**What you have to do**
An exact copy of the listing below is required, minus its pictures.

**Dataset extract**
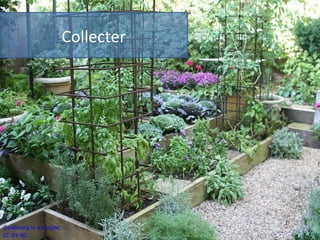 Collecter
Gardening in a minute.
CC-BY-NC
 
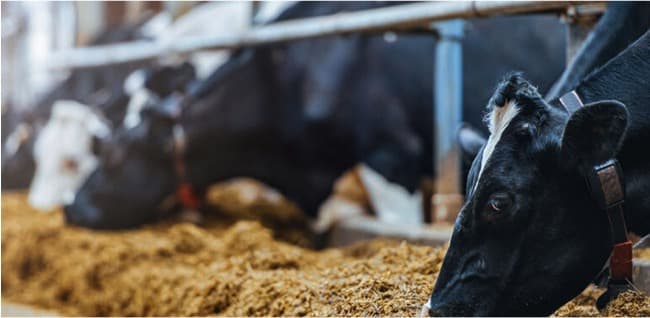 Economics of direct and indirect approaches to reduce methane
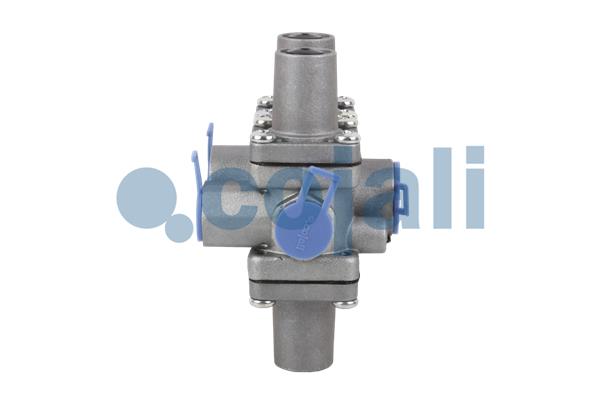 Cojali Multicircuit beschermingsklep 2222246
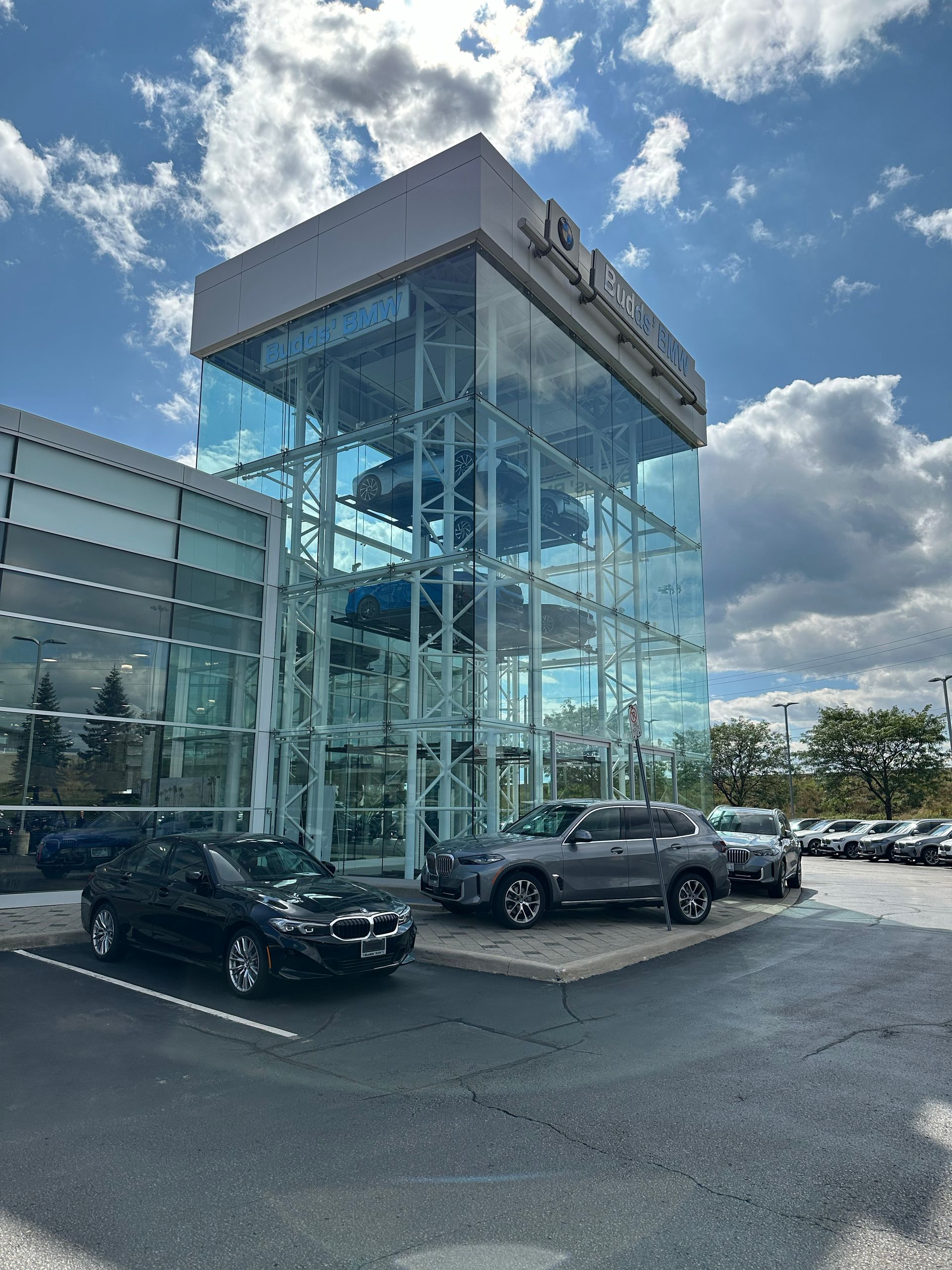 Car Display Stackers | Display your cars in style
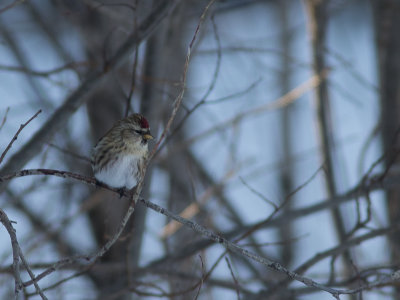 Common Redpoll / Barmsijs / Acanthis flammea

**Solution to the exercise**
 Collecter
Gardening in a minute.
CC-BY-NC
 
 Economics of direct and indirect approaches to reduce methane
 Cojali Multicircuit beschermingsklep 2222246
 Car Display Stackers | Display your cars in style
 Common Redpoll / Barmsijs / Acanthis flammea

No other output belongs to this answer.